### What you have to do
An exact transcription of all the records below is required, without any images.

****

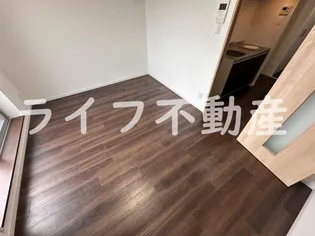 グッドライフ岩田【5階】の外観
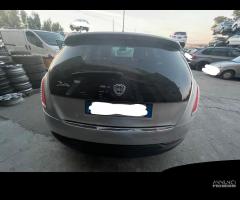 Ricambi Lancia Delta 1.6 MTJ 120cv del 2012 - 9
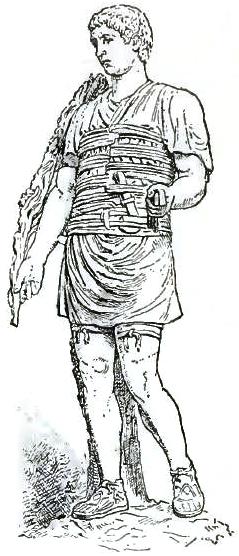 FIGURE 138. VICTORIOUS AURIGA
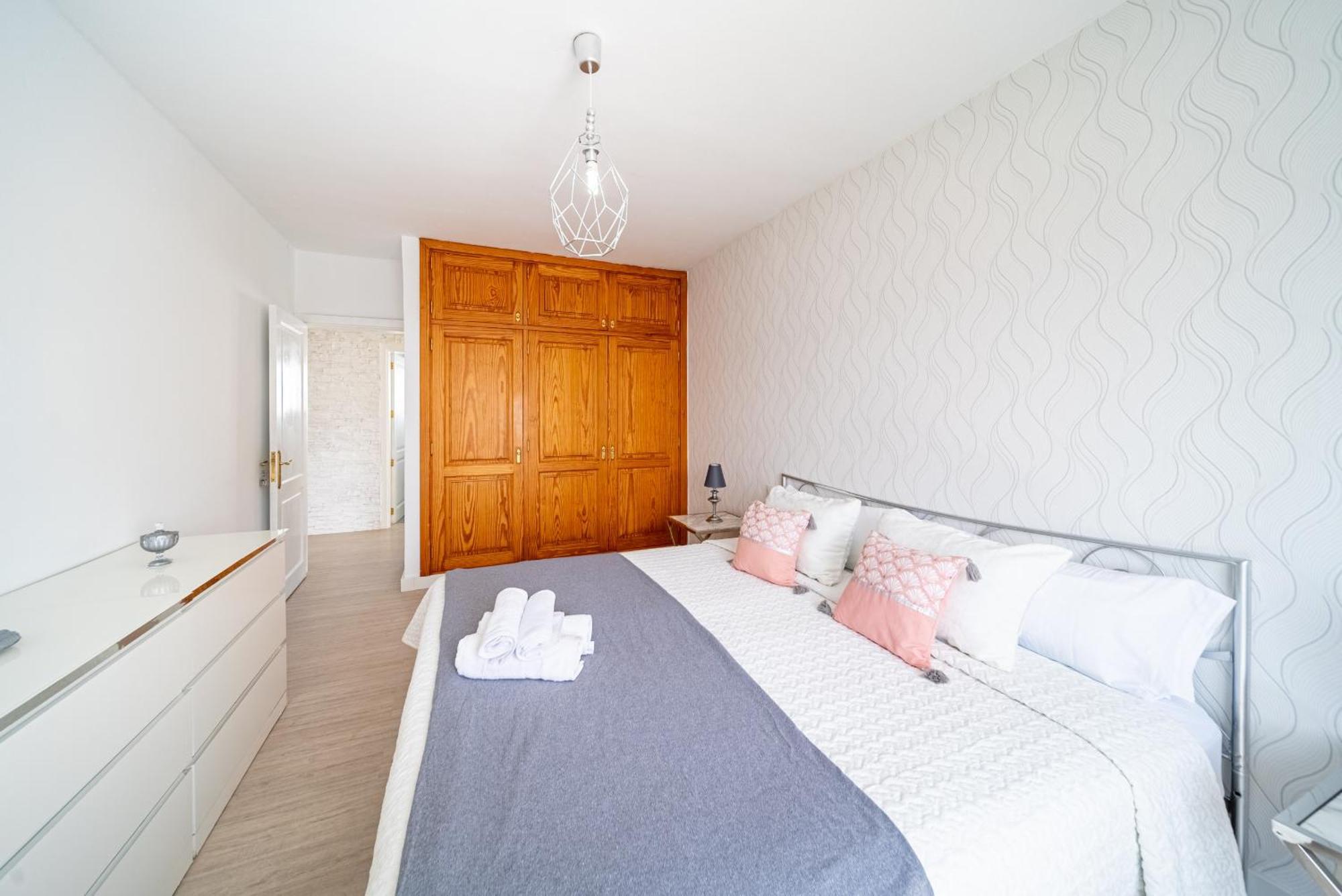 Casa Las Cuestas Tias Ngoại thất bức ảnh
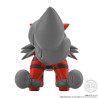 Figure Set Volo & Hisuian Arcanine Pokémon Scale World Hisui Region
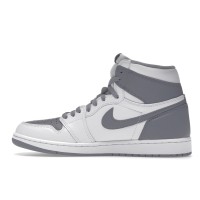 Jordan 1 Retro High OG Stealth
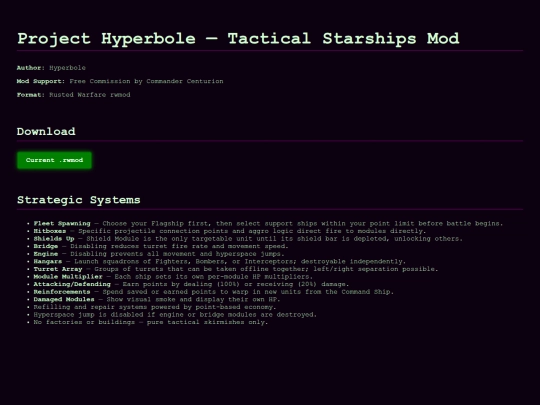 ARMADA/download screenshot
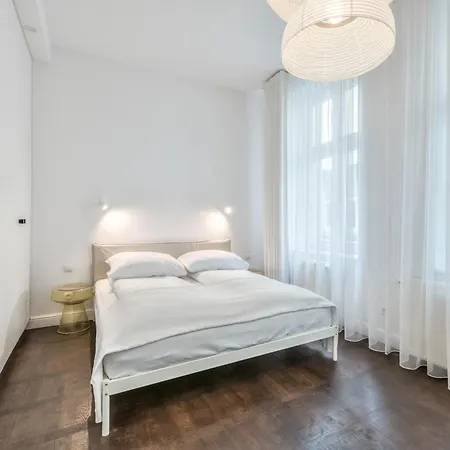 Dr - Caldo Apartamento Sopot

****

### Answer to this exercise
 グッドライフ岩田【5階】の外観
 Ricambi Lancia Delta 1.6 MTJ 120cv del 2012 - 9
 FIGURE 138. VICTORIOUS AURIGA
 Casa Las Cuestas Tias Ngoại thất bức ảnh
 Figure Set Volo & Hisuian Arcanine Pokémon Scale World Hisui Region
 Jordan 1 Retro High OG Stealth
 ARMADA/download screenshot
 Dr - Caldo Apartamento Sopot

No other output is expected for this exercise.